DISCOVERY / SETTLEMENT / RESCISSION
Garvin v. Tidwell, 2012 Fla. App. LEXIS 18508 (Fla. 4th DCA Oct. 24, 2012) concluded that a party may rescind a mediated settlement where it can establish that the opponent violated its discovery obligations. The court explained that a trial court may rescind an agreement based on unilateral mistake if (1) the mistake did not result from an inexcusable lack of due care, (2) the opponent’s position did not so change in reliance that it would be unconscionable to set aside the agreement, and (3) the court weighs whether the unilateral mistake goes to the very substance of the agreement. Because “our system of justice depends on truthful discovery, misconduct in discovery must be discouraged by disallowing the settlement which is the fruit of such misconduct.”
Berkowitz v. Delaire Country Club, Inc., 2012 Fla. App. LEXIS 18504 (Fla. 4th DCA Oct. 24, 2012) reversed a summary judgment in part because the trial court considered unautheticated documents attached to the motion.

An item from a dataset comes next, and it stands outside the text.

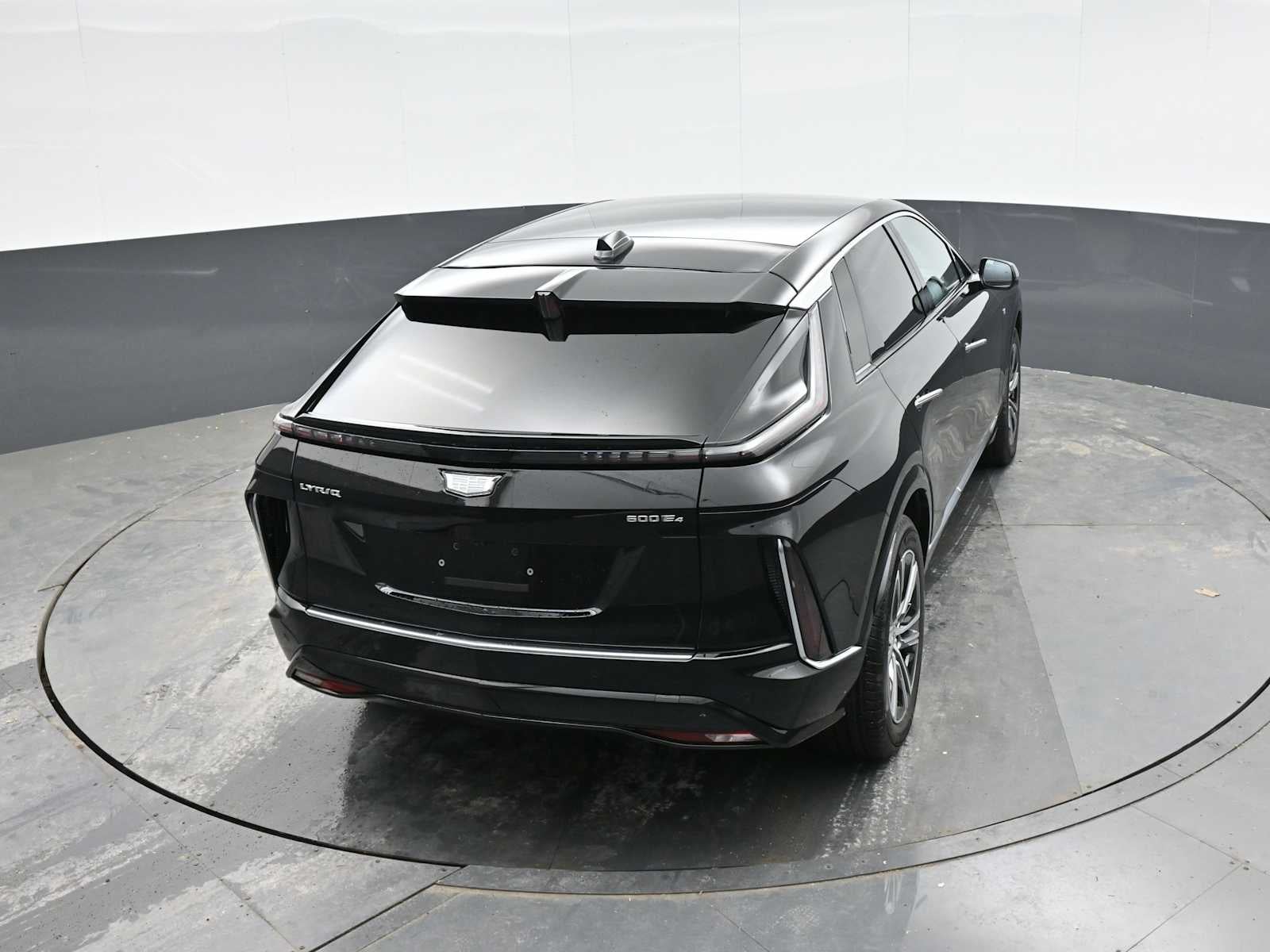 2025 Cadillac LYRIQ Luxury 1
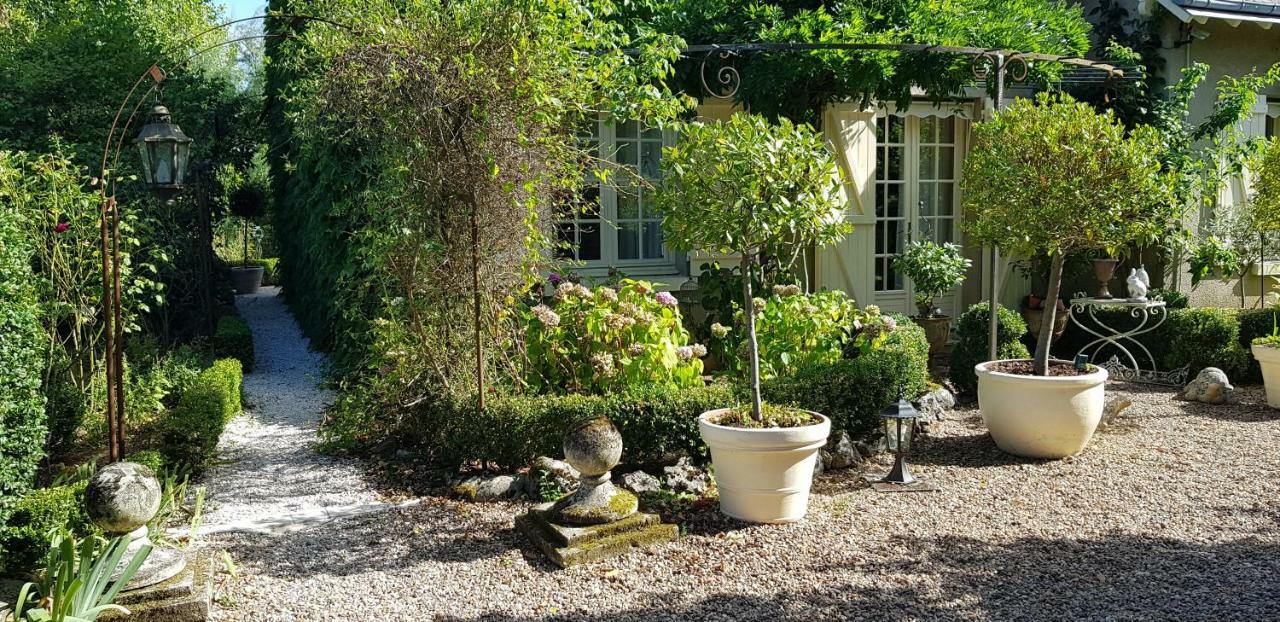 Chambres D'Hotes Jardin D'Ivoire Saint-Gervais-la-Foret Luaran gambar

CHILD SUPPORT / JURISDICTION
D.J.S. v. W.R.R., --- So. 3d --- (Fla. 2d DCA October 24, 2012) reversed an order dismissing a petition for modification of child support for lack of jurisdiction because it was filed after the child reached eighteen years of age.
FAMILY LAW / DUE PROCESS
Bosh v. Mathis, --- So. 3d ---, (Fla. 5th DCA October 26, 2012) reversed an order entered after the court, sua sponte, set the case for a status hearing and heard argument on contested factual issues, then made several rulings that were not noticed, not sought, and not based on the presentation of evidence.